Mesmo que no roteiro de Lucinda Coxon, baseado no romance de David Ebershoff, Gerda praticamente force a transformação de Einar, apenas para gerar sua óbvia surpresa, é delicado vermos os pequenos detalhes que ratificam o afastamento entre eles. Como, ao ser beijado por Gerda, Lili delicadamente leva um lenço à boca como se rejeitasse educadamente a ultima lembrança do relacionamento.
Entretanto, estamos falando de um filme de Tom Hooper, o mesmo dos premiados Os Miseráveis e O Discurso do Rei. Assim, com poucos minutos de projeção, o diretor já disse ao que veio: seus tradicionais e inexplicáveis posicionamentos de câmera demostram não somente a persistência errônea, características de seus filmes, como parece ter um sadismo incontrolável para sabotar suas virtudes, comprometendo A Garota Dinamarquesa.
Mesmo possuindo uma bela fotografia, por inúmeras vezes Hooper, como lhe é peculiar, abusa dos planos curtos e closes, desperdiçando o trabalho fotográfico. Como, por exemplo, na cena que se passada numa galeria em Paris, o diretor abusa de planos baixos e angulares que, além de não passar de maneira clara nenhum ponto de vista, prejudica o belo trabalho do design de produção e os belos afrescos do local.
É inegável que o diretor tem suas qualidades, pois a fotografia onde predomina o formalismo da cor azul é completada com belas imagens que relembram, por vezes, pinturas em movimento, como na linda cena em que o protagonista, diante do espelho, se desnuda ao descobrir o prazer oculto. Mas, como dito anteriormente, Tom Hooper parece ter uma vontade enorme de prejudicar sua narrativa como quisesse provar alguma coisa para o público.
Mantendo boa parte do filme tratando da construção da personalidade de Einar em Lilia, a montagem acaba comprometendo a estrutura, no terceiro ato do filme, devido ao seu clímax. Assim, a direção acaba correndo a ponto de quase suprimir um dos principais fatos: a operação de troca de sexo e as consequências (tanto que ao mostrar Lili em sua nova vida e ocupação, a cena acaba ficando deslocada e descartável).
Ao tratar Gerda com uma mulher forte e que sempre se prontificou a apoiar Lili, a direção erra ao querer desnecessariamente criar um contraste comportamental com o marido. Por vezes Gerda tenta soar masculinizada, como se esta inversão de papeis ajudasse a contrastar com Lili, mesmo que a personagem na vida real pudesse ter sido homossexual, isso não é regra que prejudique a feminilidade.

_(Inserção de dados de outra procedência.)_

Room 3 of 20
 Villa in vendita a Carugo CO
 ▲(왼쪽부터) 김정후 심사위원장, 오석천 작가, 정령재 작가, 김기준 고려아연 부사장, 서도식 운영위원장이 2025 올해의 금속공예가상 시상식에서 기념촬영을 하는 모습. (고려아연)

Quando tenta fugir de seus planos característicos, o diretor movimenta a câmera para frente e para trás como se tentasse empregar um dinamismo. As rimas e simbolismo da direção, apesar de visualmente bonitas, soam demasiadamente forçadas. Como, por exemplo, o fato de determinada cena haver um sangramento simbolizando a perda da inocência de Lili. Mas em outra Gerda e Lili dormem separadas, inutilmente, apenas por um pano, como se aquilo fosse necessário para representar o distanciamento que já ficou claro ao longo da história.
Nos seus minutos finais, confirma-se toda a incapacidade do diretor em confiar no público sem ser clichê e maniqueísta. Impossível não se incomodar com determinada cena em que, em vez de Hopper apostar na sensibilidade e na composição estética da cena, martela na cabeça do espectador: Esta cena simboliza isso, repararam? Hein? Viram?.
A Garota Dinamarquesa ganha pelo seu conteúdo, importância e aspecto humano mesmo aquém da profundidade e discussão que poderia levantar. Conclusão está mais baseada na forma com que foi tratado pelos seus realizadores do que propriamente a causa em questão.